● **INFORMATION GIVEN**:

..........

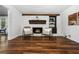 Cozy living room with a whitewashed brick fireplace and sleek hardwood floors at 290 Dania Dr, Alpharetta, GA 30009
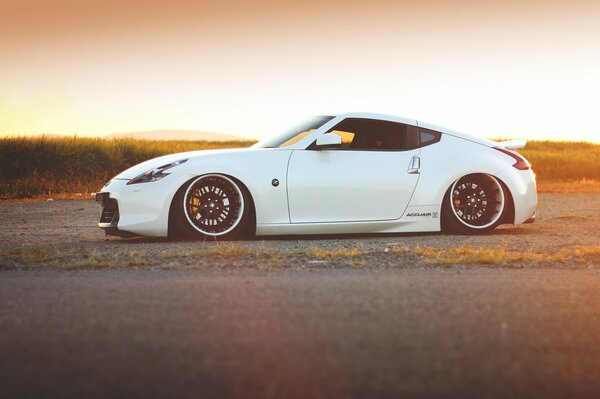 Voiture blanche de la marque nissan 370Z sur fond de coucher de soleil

..........

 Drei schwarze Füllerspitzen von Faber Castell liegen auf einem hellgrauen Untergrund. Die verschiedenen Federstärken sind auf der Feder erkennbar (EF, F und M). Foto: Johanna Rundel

..........

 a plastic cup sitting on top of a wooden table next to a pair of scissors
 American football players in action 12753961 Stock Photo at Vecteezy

..........

● **WORK INSTRUCTION**:
Only the lines above starting with the one with "a plastic cup" and going through the one with "American football players" are to be copied, word for word and with both ends kept.

● **WRITTEN RESPONSE**:
 a plastic cup sitting on top of a wooden table next to a pair of scissors
 American football players in action 12753961 Stock Photo at Vecteezy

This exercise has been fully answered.